An analogy might be how OpenAI trained a robot hand controller by training it in a set of simulations with diverse physical parameters. It then learned the general skill of operating in a wide variety of situations, so then it could be directly used in the real world.
That’s an excellent analogy.
The point of the virtual environment is to train an agent with a generalized ability to learn values. Eventually it would interact with humans (or perhaps human writing, depending on what works), align to our values and then be deployed. It should be fully aligned before trying to optimize the real world!
I see, so you essentially want to meta-learn value learning. Fair enough, although you then have the problem that your meta-learned value-learner might not generalize to the human-value-learning case.
I want to meta-learn value learning and then apply it to the object level case of human values. Hopefully after being tested on a variety of other agents the predictor will be able to learn human goals as well. It’s also possible that a method could be developed to test whether or not the system was properly aligned; I suspect that seeing whether or not it could output the neural net of the user would be a good test (though potentially vulnerable to deception if something goes wrong, and hard to check against humans). But if it learns to reliably understand the connections and weights of other agents, perhaps it can learn to understand the human mind as well.
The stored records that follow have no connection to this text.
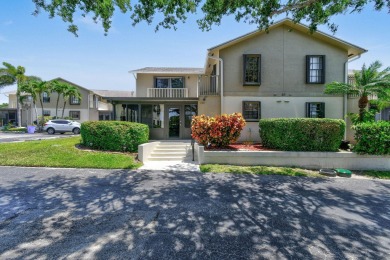 Charming and spacious 2-bedroom, 2-bathroom townhome located on Heritage Ridge Golf Club in Florida - for sale on GolfHomes.com, golf home, golf lot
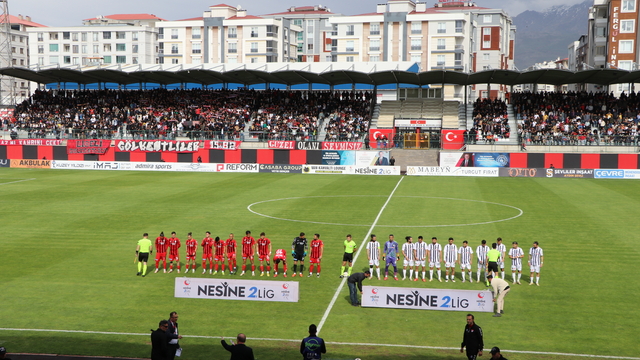 2'nci Lig Play-Off maçında Vanspor, 68 Aksarayspor ile 2-2 berabere kaldı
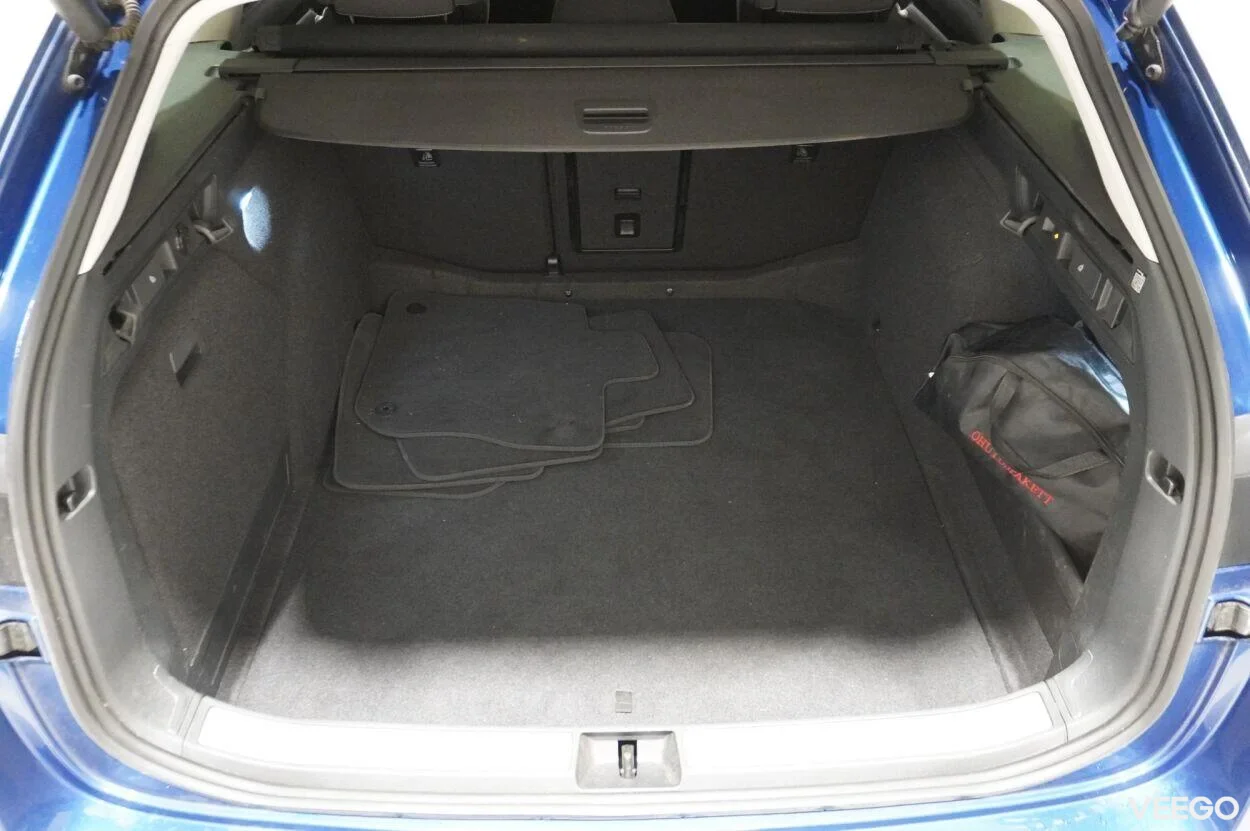 Skoda Superb SELECTION COMBI 2 110kW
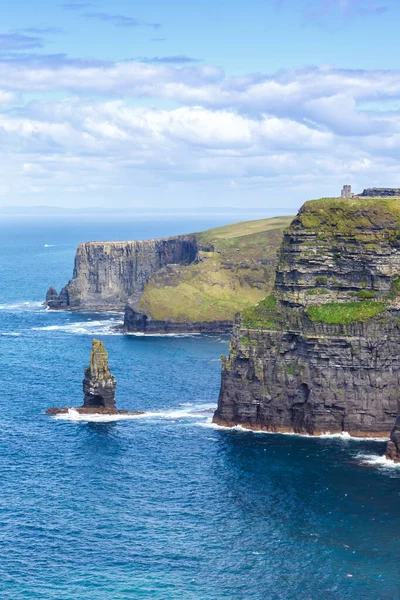 莫赫游历大西洋的爱尔兰悬崖肖像画形式海洋旅游性质 — 图库照片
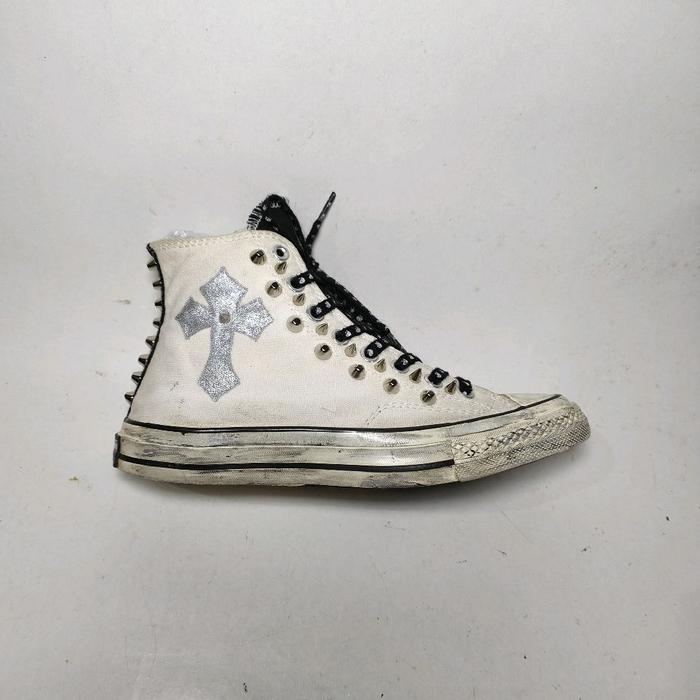 Converse yin yang studded 42, sepatu Italy sepatu kulit goth avantgarde y2k Ferragamo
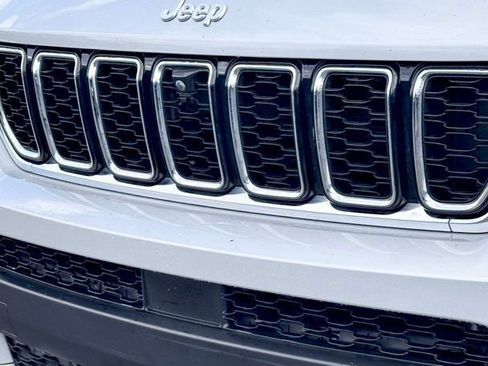 Used 2024 Jeep Grand Cherokee L Limited w/ Luxury Tech Group II image 6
The idea is very close to approval-directed agents, but with the process automated to provide more training than would be feasible with humans providing the feedback, and potentially with other benefits as well, such as adversarial learning (which a human could not necessarily provide as well as a purpose-trained AI) and learning to reproduce the neural net comprising the user (which would be much easier to try with an AI user than a human, and which could potentially provide a more rigorous test of when the predictor is actually becoming aligned vs developing harmful mesa optimizers).
Inverse reinforcement learning, if I understand correctly, involves a human and AI working together. While that might be helpful, it seems unlikely that solely human-supervised learning would work as well as having the option to train a system unsupervised. Certainly this would not have been enough for AlphaGo!
I think IRL just refers to the general setup of trying to infer an agent’s goals from its actions(and possibly communication/interaction with the agent). So you wouldn’t need to learn the human utility function purely from human feedback. Although, I don’t think relying on human feedback would necessarily be a deal-breaker—seems like most of the work of making a powerful AI comes from giving it a good general world model, capabilities etc, and it’s okay if the data specifying human utility is relatively sparse(although still large in objective terms, perhaps many many books long) compared to all the rest of the data the model is being trained on. In the AlphaGo example, this would be kinda like learning the goal state from direct feedback, but getting good at the game through self-play.